Frédérique. – Je trouve ces dessins pertinents et tellement criant de vérité ! Des situations vécues ou vues si souvent dans notre quotidien. Il y a vraiment de quoi s’interroger. Pour moi, ces illustrations permettent à la jeune lectrice ou au jeune lecteur d’apporter encore plus au texte avec un soupçon d’humour. Après tout, c’est avec l’humour que l’on peut parfois faire passer des messages percutants !

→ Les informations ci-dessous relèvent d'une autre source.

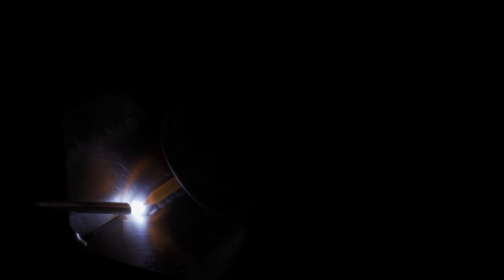When TIG welding with this rod, you will be using direct current straight polarity, meaning the TIG torch will be set to DC negative and the workpiece DC positive. You will also need to use a shielding gas of either 100% argon or an argon mix.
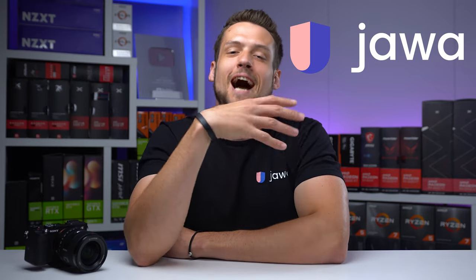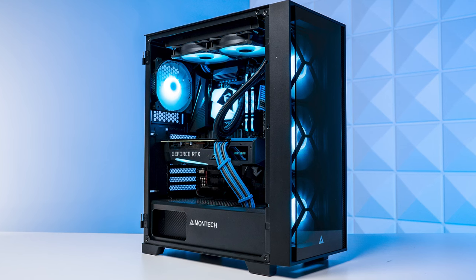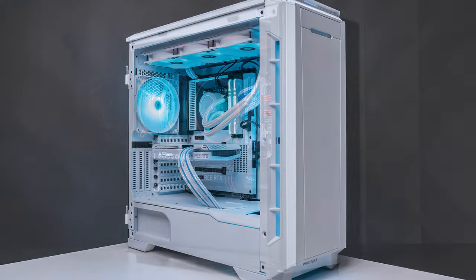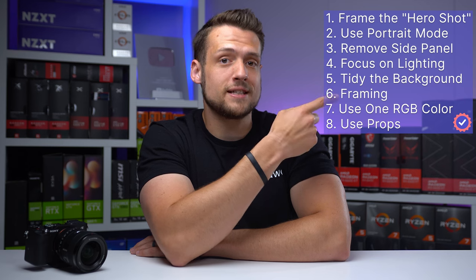If you're trying to take super clean and high quality photos for your gaming PC build postings over on Jawa, I got you covered in this video. My name is Zach, and as a PC building YouTuber, I have a ton of experience doing this. Getting high quality photos is a really important step to getting that sale — they're the first impression of your listing, they impact your credibility, and certainly the amount of successful sales you can make. Here are all the points we're going to be covering today.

Isabelle. – Les illustrations participent aussi du procédé de renversement. Elles illustrent certaines scènes décrites dans le texte en mobilisant des éléments ou attitudes particulièrement genrés, mais attribués à l’autre sexe : les hommes sont dotés d’accessoires ménagers, les femmes sont représentées dans des portraits encadrés et s’étalent dans le bus. Cela semble vraiment absurde, on rit, forcément, tant par exemple les hommes qui se trémoussent autour de Jamie Bond ont l’air ridicules. En même temps, on se rend compte qu’on ne connaît que trop bien les attitudes et clichés représentés.

Blandine. – Les illustrations complètent parfaitement le texte et sont très éloquentes. Isabelle en a très bien parlé. Et ne dit-on pas que les images « parlent » plus que les mots, permettant de sensibiliser et impacter davantage comme plus durablement. Le trait de Clotilde Delacroix est à l’image du texte: sobre, direct, efficace.

Colette. – Comment interprétez-vous le fait que l’autrice ait choisi de poursuivre l’histoire de Léa et Tom quelques années plus tard ? A première vue, ce n’était pas un texte qui appelait une suite. Qu’en dîtes-vous ?

Isabelle. – À mon avis, ce tome 2 permet à Florence Hinckel de faire deux choses. D’une part, dans la continuité directe du premier tome, elle continue de passer notre société au crible du renversement. Ainsi, le spectre de situations et de biais abordés s’élargit – on parle notamment de films ou de la cancel culture. Comme Tom et Léa grandissent, il est pas mal question du corps justement et de la sexualité – shaming, violence sexistes, charge mentale et contraceptive… D’autre part, ce tome 2 permet de souligner la force des préjugés et impensés. Léa avait fait l’expérience d’une vraie prise de conscience à l’issue du tome 1. Pourtant, quelques années plus tard, elle n’a plus très envie de soutenir Tom dans ses positions émancipatrices. Elle ne comprend pas pourquoi les garçons auraient besoin d’espaces de non-mixité. Le sexisme n’a-t-il pas reculé, les mentalités évolué ? L’existence est-elle vraiment plus difficile en tant que garçon ?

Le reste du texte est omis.